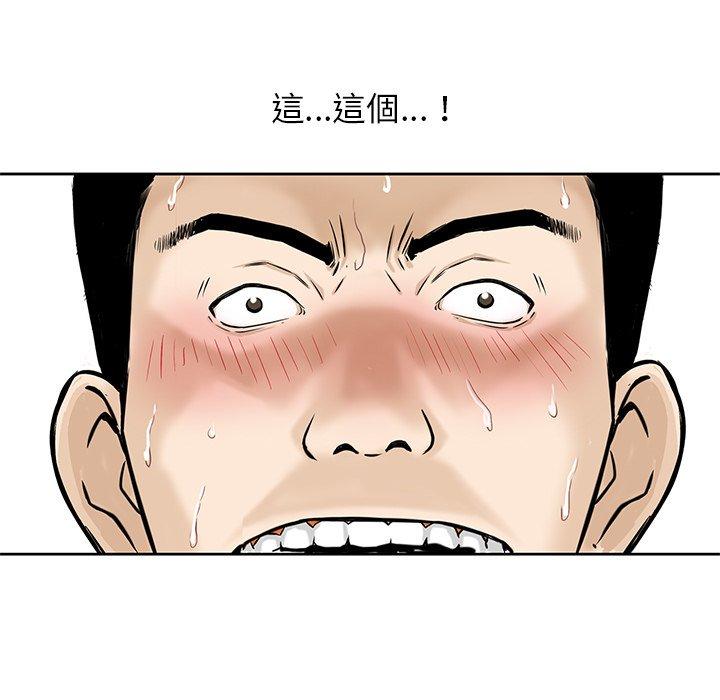 第7話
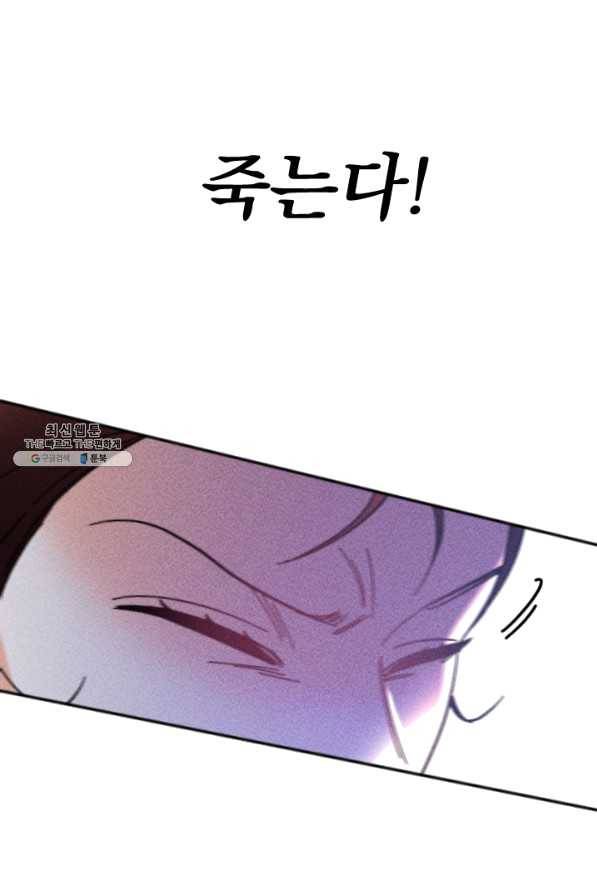 공주, 선비를 탐하다 48화 114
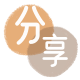 取现北京信用卡接单平台☀️诚信信用卡24小时在线靠谱商家推荐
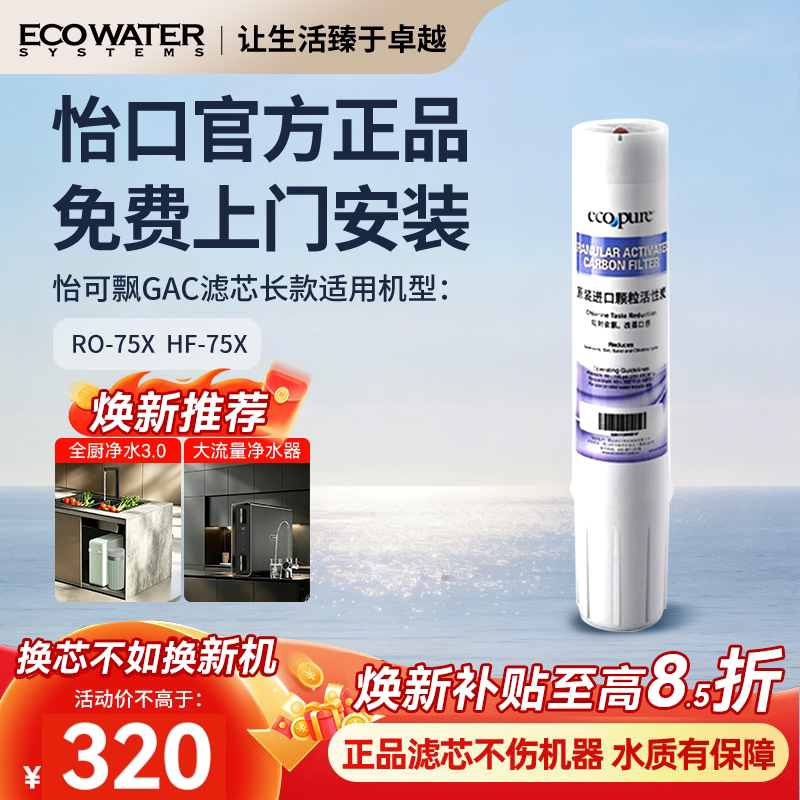 怡口净水器GAC长款滤芯官方正品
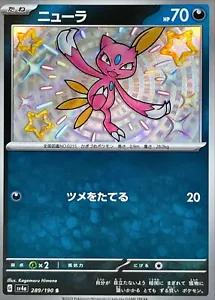Sneasel 289/190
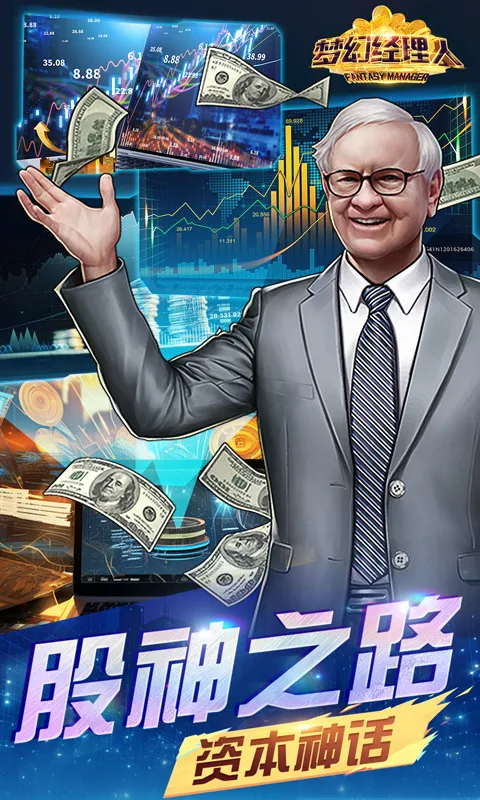 梦幻经理人(篮球经营游戏) 梦幻经理人(篮球经营游戏)
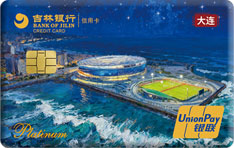 吉林银行魅力城市信用卡（大连）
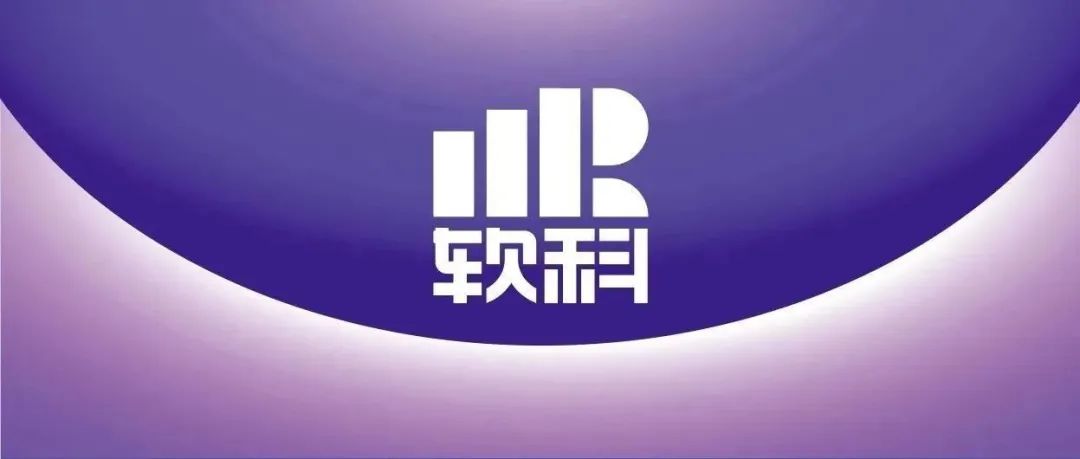 2025中国大学专业排名——生态学，北京大学/复旦大学/厦门大学位列前三！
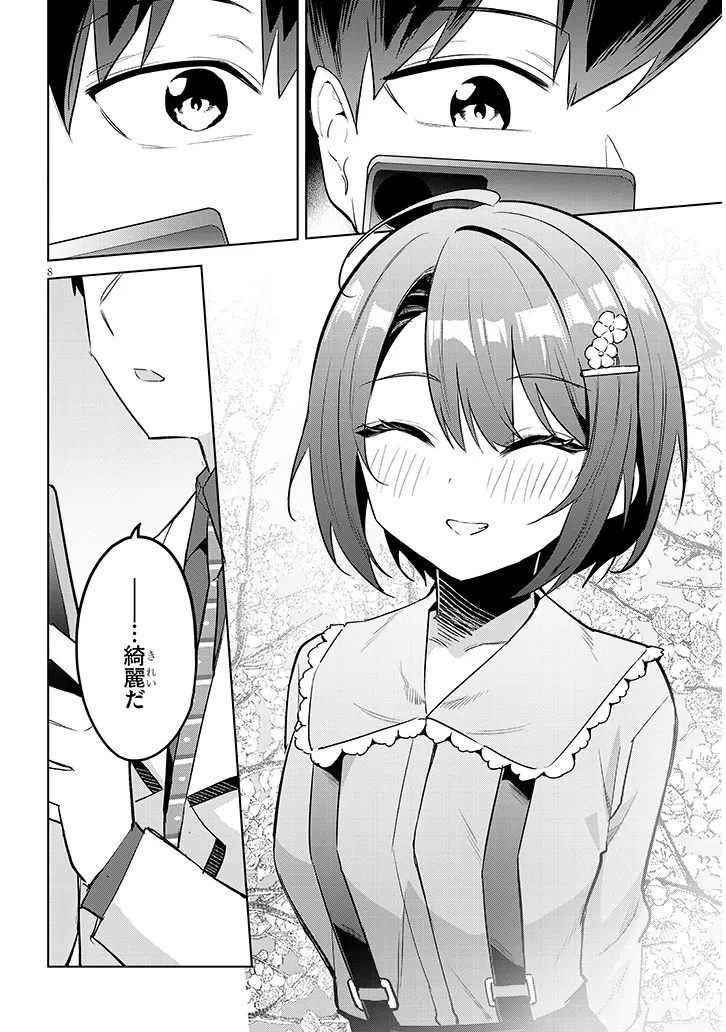 JITSU WA IMOUTO DESHITA. ~SAIKIN DEKITA GIRI NO OTOUTO NO KYORIKAN GA YATARA CHIKAI WAKE~ RAW Chap 44.1 - Pic 8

# # # # # # #

Leaving every picture out, please copy exactly the lines from the one holding "怡口净水器GAC长款滤芯官方正品" through the last line of the listing, both ends included.

 怡口净水器GAC长款滤芯官方正品
Sneasel 289/190
 梦幻经理人(篮球经营游戏) 梦幻经理人(篮球经营游戏)
 吉林银行魅力城市信用卡（大连）
 2025中国大学专业排名——生态学，北京大学/复旦大学/厦门大学位列前三！
 JITSU WA IMOUTO DESHITA. ~SAIKIN DEKITA GIRI NO OTOUTO NO KYORIKAN GA YATARA CHIKAI WAKE~ RAW Chap 44.1 - Pic 8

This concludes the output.